Da aber die Nachfrage innerhalb der Schweiz so hoch ist, rechnet Schulze zur Wiesch nicht damit, dass im Herbstgeschäft Preisaktionen notwendig sein werden. Aktuell sind die Preise in den meisten Mittelmeerzielen oder auch im europäischen Norden höher als im Vorjahr, während Langstreckenziele wie die USA, Asien, Afrika oder auch die Malediven günstiger sind. Doch wer flexibel ist, kann möglicherweise von einem Sommer-Schnäppchen profitieren, versichert die Kuoni-Chefin.

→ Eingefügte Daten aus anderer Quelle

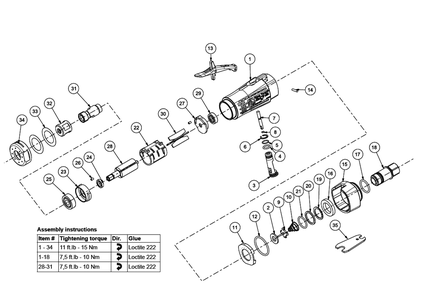 Figure 0 Diagram and Parts List for CP3000-325F  Chicago Pneumatic Grinder
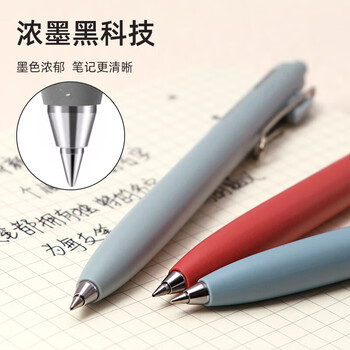 uni三菱uni-ball one系列 小浓芯二代红色中性笔高颜值0.5mm签字笔学生水笔套装 UMN-SF-05  5支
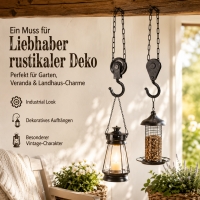 Gusseisen Haken Seilwinde 2er Set für nostalgische Deko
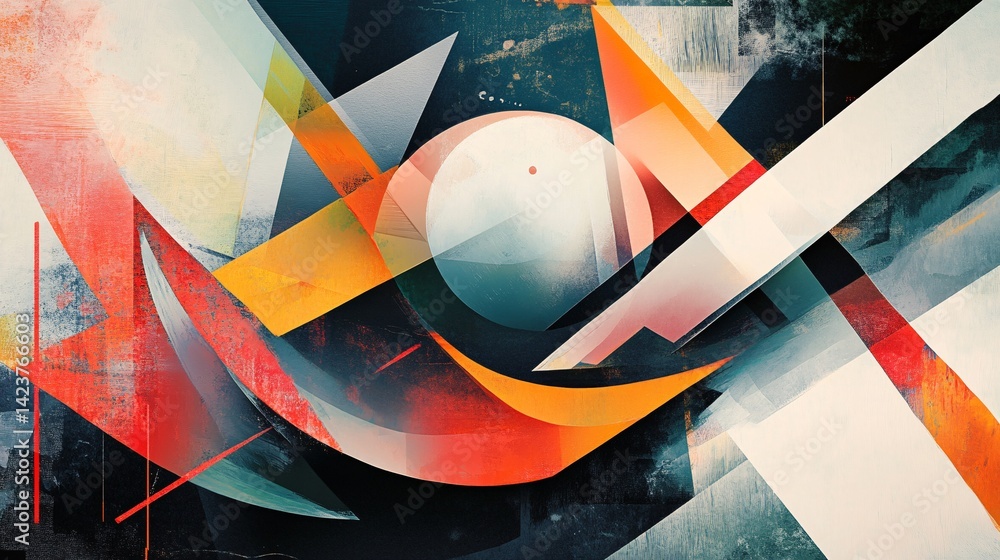Poster Abstract geometric shapes creating dynamic composition
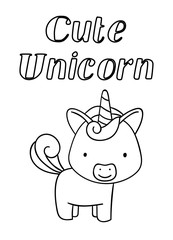 Coloring pages, black and white cute hand drawn unicorn doodles, lettering cute unicorn, print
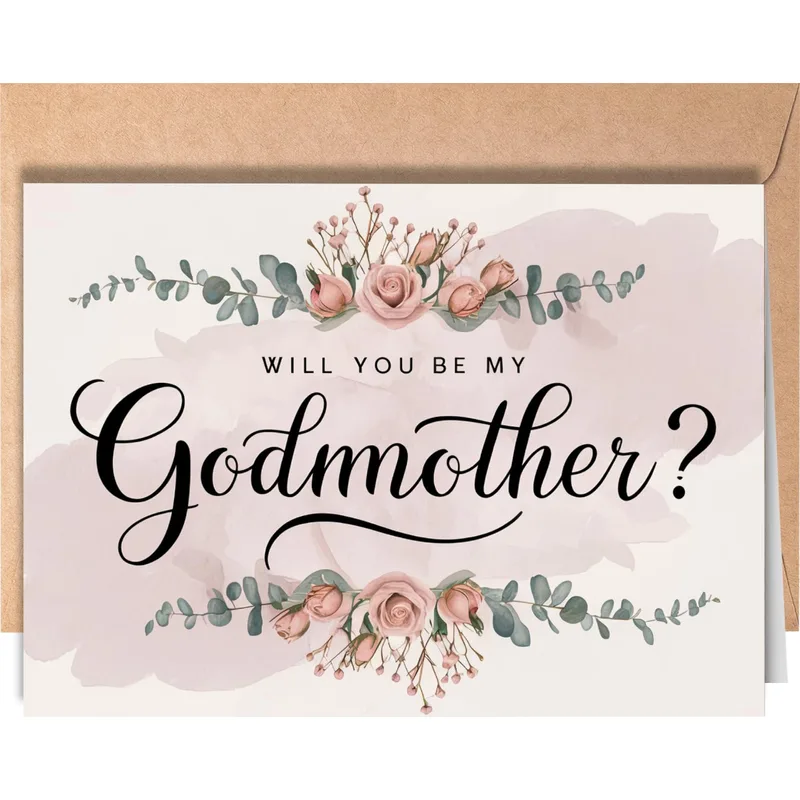 Pink Florals Script Card: Will You Be My Godmother Proposal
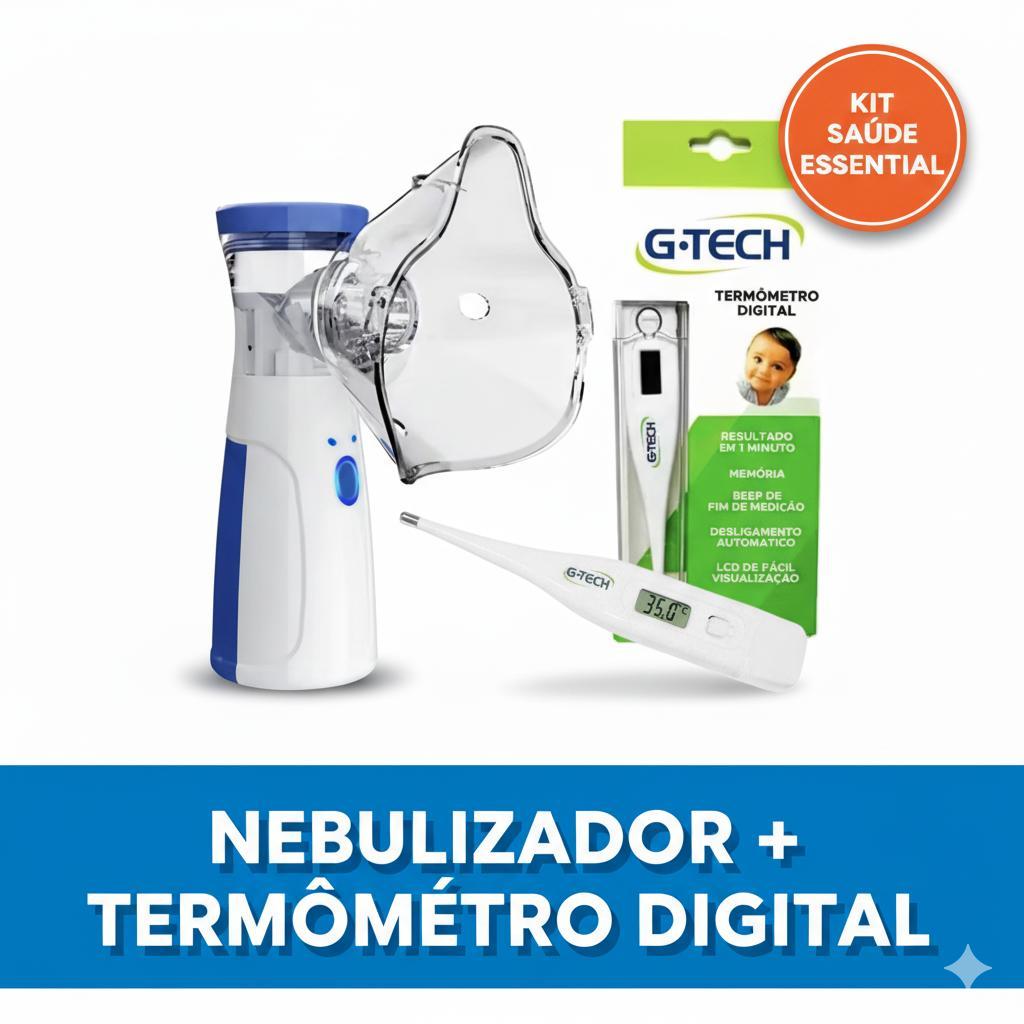 KIT SAÚDE FAMÍLIA: Nebulizador Ultrassônico Portátil Adulto e I antil Termômetro Digital G-Tech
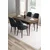Hanah Home trpezarijski set Tia, sto i 4 stolice, ploča u dekoru drveta Baroque, antracit tkanina Babyface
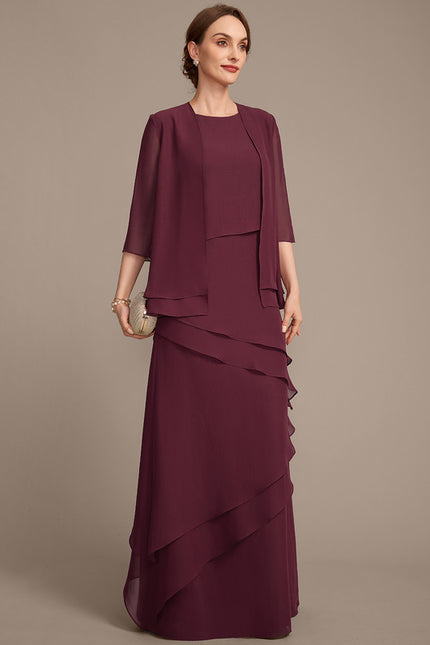 Robe Fourreau Cascade Bordeaux - gallery 3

Kommt bald «Dynamic Pricing»?
Es könnte aber sein, dass die Preise sich bald komplett nach Nachfrage und Angebot richten und Schnäppchen zur Hochsaison kaum noch möglich sind. Kuoni hat bereits ein KI-basiertes «Dynamisches Revenue Management Tool» eingeführt, das Daten zu gefragten Zielen und Reisepreisen analysiert und mit Kuoni-eigenen Daten vermengt. «So können wir besser marktgerechte Preise anbieten», sagt Schulze zur Wiesch. Echtes Dynamic Pricing ist das noch nicht. Aber: «Wir sehen hier noch grosses Potenzial in der Zukunft», so die Chefin.